- **SOURCE DATA**
■ ■ ■

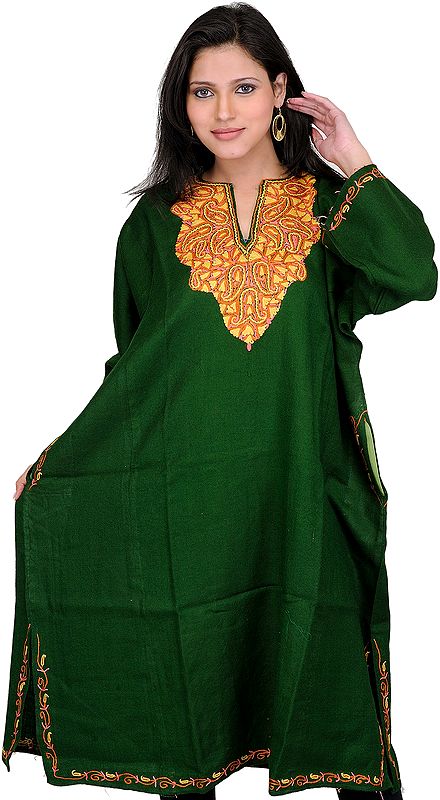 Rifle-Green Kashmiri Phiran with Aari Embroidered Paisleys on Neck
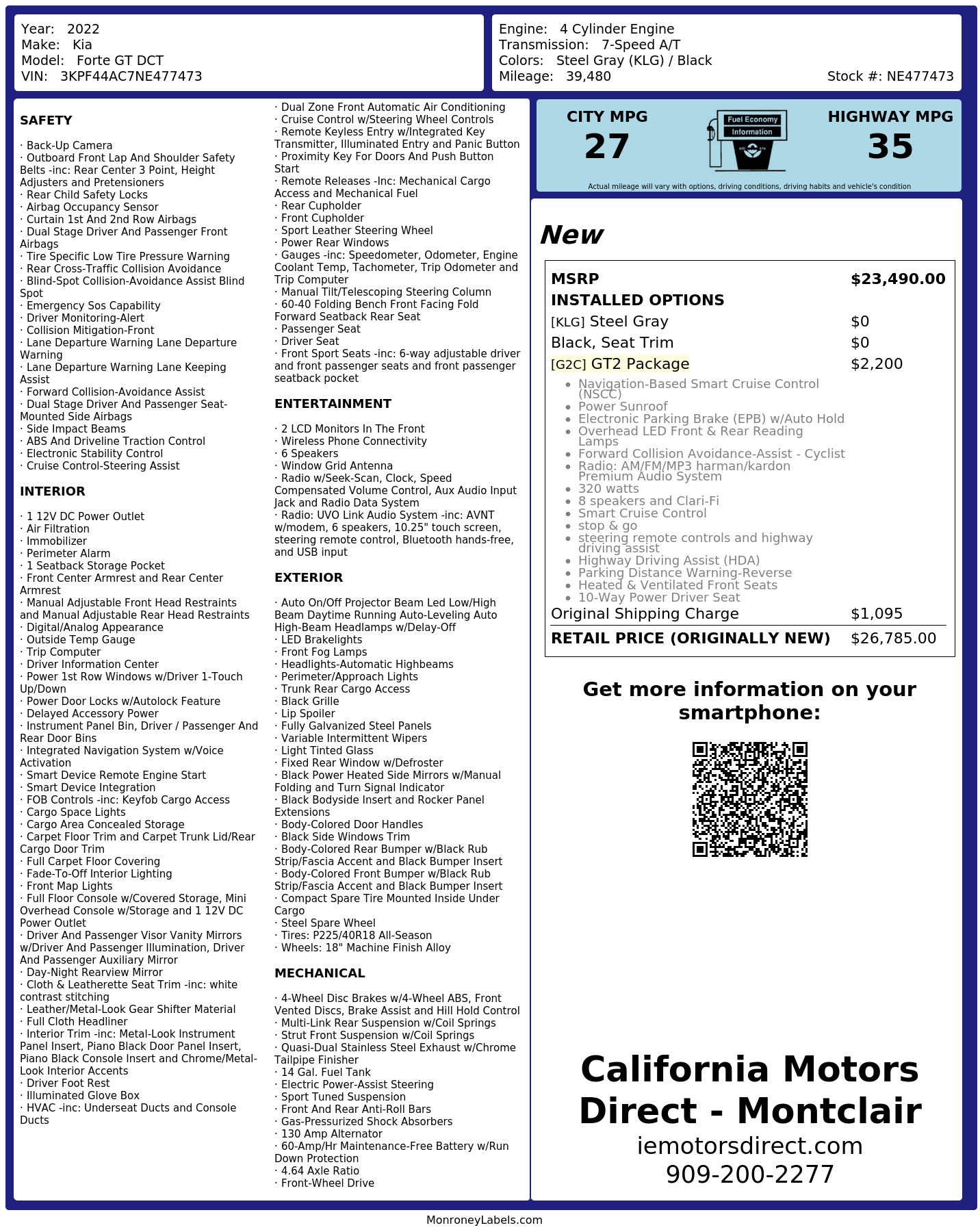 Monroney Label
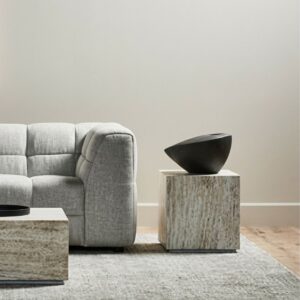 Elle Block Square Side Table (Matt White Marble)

■ ■ ■

- **ACTIVITY**
Lines from the one containing "Monroney Label" through the end of the listing, both included, are to be restated exactly, and pictures are to be left out.

- **OUTPUT OF THE EXERCISE**
 Monroney Label
 Elle Block Square Side Table (Matt White Marble)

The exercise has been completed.